To better understand this situation, we interviewed Ahmad al-Farjani, founder of the movement for a “Government of the Fezzan Region”.


Ahmad Farjani, could you first explain to us what the goals of this new government that you plan to announce are?

Our goals are clear: we want to secure the whole territory of the Fezzan region by freeing it from any of the Tubu groups that work in alliance with the Islamic State. Let me remind you here that this threatening situation has only been rendered possible after the LNA entered the region and led a war on both Chadian Tubus and Chadian opposition groups that had settled in the Fezzan region. Besides, we also want to give back to the citizens of the South all their civil, economic, social, and political rights. We will work on it, even if the price for that has to be the closure of strategic points such as those used for importing goods and those that connect the Fezzan to the eastern and the western parts of the country. We are not threatening anybody, especially since we do believe that we all form part of a one and only Libyan population. But we believe that the Fezzan region can provide a solution for Libya. This is especially true now that we can see the number of people from the East and the West that have paid the price for the ongoing situation. Many people have promoted policies and strategies that were focused on their political personal gains and on taking power with the use of armed force.

Are there any local or foreign actors that agree with your project for a “Government of the Fezzan”?

Sure, people of the South in the region expect the Fezzan region to find a solution to both its problems and the problems of Libya as a whole. We have no contacts with people based outside of Libya, but we are in touch with important people from outside of the Fezzan region.

Are you also defending this idea of a southern government due to the weakness of former governments?

Of course. Weaknesses, blunders, power struggles, the incapacity of the eastern and the western government alike to address people’s needs and demands, as well as the dysfunctions in terms of providing services and guaranteeing security, all motivated the people of the Fezzan to think of alternatives such as the one that we are bringing today. People are acting out of pure dignity, and, by the way, this is the reason why they have given this initiative the name of “The Proud Fezzan Government”.

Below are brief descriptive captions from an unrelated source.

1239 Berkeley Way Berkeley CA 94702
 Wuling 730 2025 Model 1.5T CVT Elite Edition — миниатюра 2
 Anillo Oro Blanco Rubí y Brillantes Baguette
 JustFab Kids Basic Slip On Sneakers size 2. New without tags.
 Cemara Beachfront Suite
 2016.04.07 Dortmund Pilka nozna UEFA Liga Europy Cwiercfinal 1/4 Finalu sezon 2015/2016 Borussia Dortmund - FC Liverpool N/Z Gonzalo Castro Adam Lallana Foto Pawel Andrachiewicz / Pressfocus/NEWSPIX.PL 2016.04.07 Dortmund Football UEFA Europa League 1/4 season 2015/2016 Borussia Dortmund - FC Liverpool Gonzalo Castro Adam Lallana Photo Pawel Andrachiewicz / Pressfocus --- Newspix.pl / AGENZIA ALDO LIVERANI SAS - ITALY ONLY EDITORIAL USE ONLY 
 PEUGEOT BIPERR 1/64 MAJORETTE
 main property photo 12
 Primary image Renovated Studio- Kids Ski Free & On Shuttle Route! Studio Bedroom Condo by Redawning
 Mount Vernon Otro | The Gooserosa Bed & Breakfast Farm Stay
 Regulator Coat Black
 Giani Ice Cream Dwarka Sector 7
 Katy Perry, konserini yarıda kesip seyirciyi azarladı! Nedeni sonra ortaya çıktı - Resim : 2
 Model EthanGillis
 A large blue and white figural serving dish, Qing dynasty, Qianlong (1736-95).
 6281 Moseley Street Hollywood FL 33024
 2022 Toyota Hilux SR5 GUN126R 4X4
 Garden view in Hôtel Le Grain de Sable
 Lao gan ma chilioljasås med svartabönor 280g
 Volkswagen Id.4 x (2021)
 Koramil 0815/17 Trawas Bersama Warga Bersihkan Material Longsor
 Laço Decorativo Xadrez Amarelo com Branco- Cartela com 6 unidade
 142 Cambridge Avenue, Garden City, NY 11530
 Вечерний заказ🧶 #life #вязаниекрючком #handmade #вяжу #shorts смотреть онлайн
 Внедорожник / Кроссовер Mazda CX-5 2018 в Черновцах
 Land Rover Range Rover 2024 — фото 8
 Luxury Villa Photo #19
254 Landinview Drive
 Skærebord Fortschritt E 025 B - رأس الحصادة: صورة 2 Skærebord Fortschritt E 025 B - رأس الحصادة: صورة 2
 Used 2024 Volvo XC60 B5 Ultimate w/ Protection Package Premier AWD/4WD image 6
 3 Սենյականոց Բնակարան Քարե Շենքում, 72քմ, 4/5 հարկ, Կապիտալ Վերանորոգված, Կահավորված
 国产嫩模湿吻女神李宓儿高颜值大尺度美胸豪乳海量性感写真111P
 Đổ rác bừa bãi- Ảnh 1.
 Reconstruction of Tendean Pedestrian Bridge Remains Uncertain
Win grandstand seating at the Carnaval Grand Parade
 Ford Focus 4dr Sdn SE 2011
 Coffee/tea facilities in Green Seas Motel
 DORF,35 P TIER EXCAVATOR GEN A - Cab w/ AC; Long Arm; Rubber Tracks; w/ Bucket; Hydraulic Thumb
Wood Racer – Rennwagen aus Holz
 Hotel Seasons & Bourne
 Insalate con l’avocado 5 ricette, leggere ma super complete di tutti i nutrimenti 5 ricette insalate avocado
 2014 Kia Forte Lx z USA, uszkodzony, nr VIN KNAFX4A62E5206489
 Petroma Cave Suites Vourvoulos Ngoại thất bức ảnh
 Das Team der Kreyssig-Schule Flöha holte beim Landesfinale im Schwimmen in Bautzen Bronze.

Some people believe that this government will fail, especially since the security and military situation are already taken care of by an eastern-affiliated body.

By no means do we stand with or against any of the conflicting parties, especially if those ones do fulfill their mission, starting with the taking care of the security situation. That said, it is only after the LNA came in the South that the Islamic State became able to benefit from an alliance with the Tubus and to spread to the region. Before that, there was no presence for the Islamic State in the South. Add to that the “eastern-affiliated structure” that you are referring to clearly has no existence on the ground; we are talking here about a label only, a name, with no real consistency. It is true that the LNA has reached out to the South and has achieved there the mission that it had in mind, but directly after that it withdrew due to circumstances that are hard to understand, while the people of the Fezzan region again faced killings and displacements.

Where do elites and tribes stand with regards to your project? Have you been in touch with any of their representatives?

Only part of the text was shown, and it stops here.